Segregating Sound PDF Author: Karl Hagstrom Miller
Publisher: Duke University Press
ISBN: 0822392704
Category : Music
Languages : en
Pages : 386

Book Description
In Segregating Sound, Karl Hagstrom Miller argues that the categories that we have inherited to think and talk about southern music bear little relation to the ways that southerners long played and heard music. Focusing on the late nineteenth century and the early twentieth, Miller chronicles how southern music—a fluid complex of sounds and styles in practice—was reduced to a series of distinct genres linked to particular racial and ethnic identities. The blues were African American. Rural white southerners played country music. By the 1920s, these depictions were touted in folk song collections and the catalogs of “race” and “hillbilly” records produced by the phonograph industry. Such links among race, region, and music were new. Black and white artists alike had played not only blues, ballads, ragtime, and string band music, but also nationally popular sentimental ballads, minstrel songs, Tin Pan Alley tunes, and Broadway hits. In a cultural history filled with musicians, listeners, scholars, and business people, Miller describes how folklore studies and the music industry helped to create a “musical color line,” a cultural parallel to the physical color line that came to define the Jim Crow South. Segregated sound emerged slowly through the interactions of southern and northern musicians, record companies that sought to penetrate new markets across the South and the globe, and academic folklorists who attempted to tap southern music for evidence about the history of human civilization. Contending that people’s musical worlds were defined less by who they were than by the music that they heard, Miller challenges assumptions about the relation of race, music, and the market.

Pop Music, U.s.a.

Pop Music, U.s.a. PDF Author: Simon V. Anderson
Publisher: CreateSpace
ISBN: 9781500778927
Category : Music
Languages : en
Pages : 386

Book Description
Pop Music, U.S.A. is designed to be used in a college-level general music class. It covers popular music in America from pre-Revolutionary War times through the present (2014).

Precious and Few

Precious and Few PDF Author: Don Breithaupt
Publisher: St.
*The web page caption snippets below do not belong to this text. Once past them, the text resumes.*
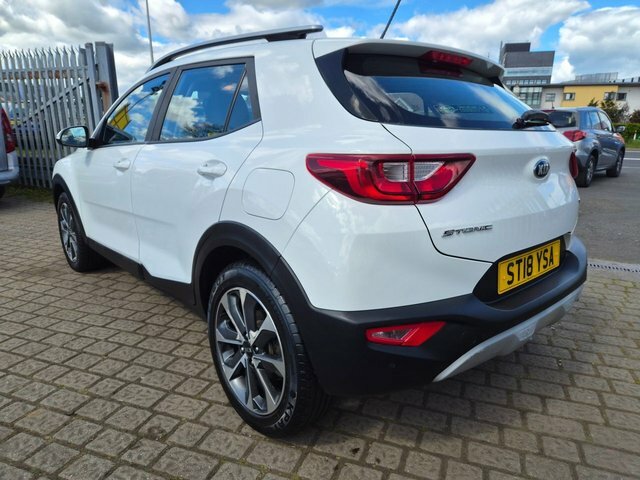 Kia Stonic Crdi 2 Suv ST18YSA White #4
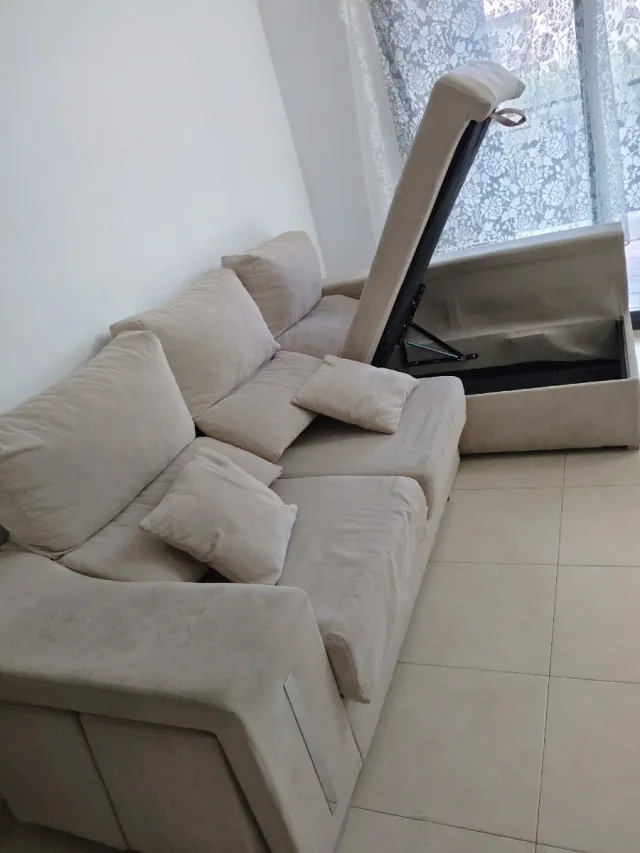 Sofá chaiselongue beige tela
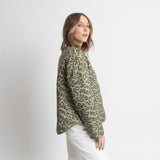 Ultra Light Puffer Jacket pale olive/leo olive - pale olive - VIVI MARI
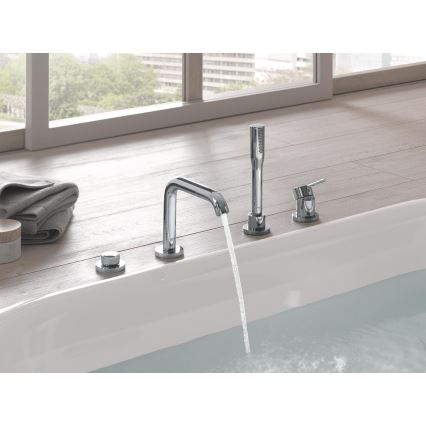 GROHE 19578001 - Czterootworowa bateria wannowa ESSENCE 197 mm, błyszczący chrom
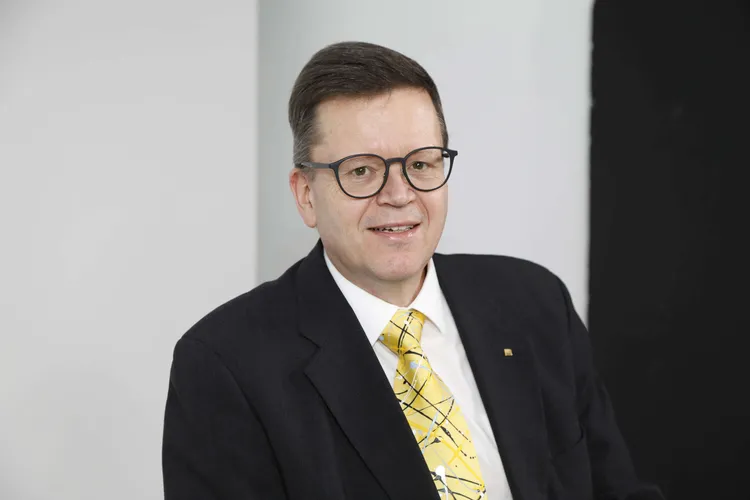 Taksiyrittäjän ahdinko ei ole vieläkään hellittänyt – ”Taksiluvan ...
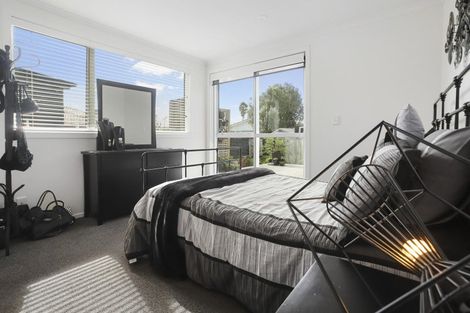 Photo of property in 10 Ararata Lane, Mangere Bridge, Auckland, 2022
Martin's Griffin
ISBN: 1466876492
Category : Music
Languages : en
Pages : 216

Book Description
Precious and Few is a lively and nostalgic look back at the forgotten era of pop that gave us "Hooked on a Feeling", "Dancing in the Moonlight", "I Am Woman", "Seasons in the Sun", and more. The early 1970s brought a "Convoy" of popular rock music--everything from cheesy to the classic. The authors of Precious and Few, Don Breithaupt and Jeff Breithaupt, true-blue '70s fanatics, have put together this irresistibly readable book to transport readers back to a time when people wore smiley-face buttons, went to singles bars, and heartily sang along with Mac Davis. Illustrations throughout.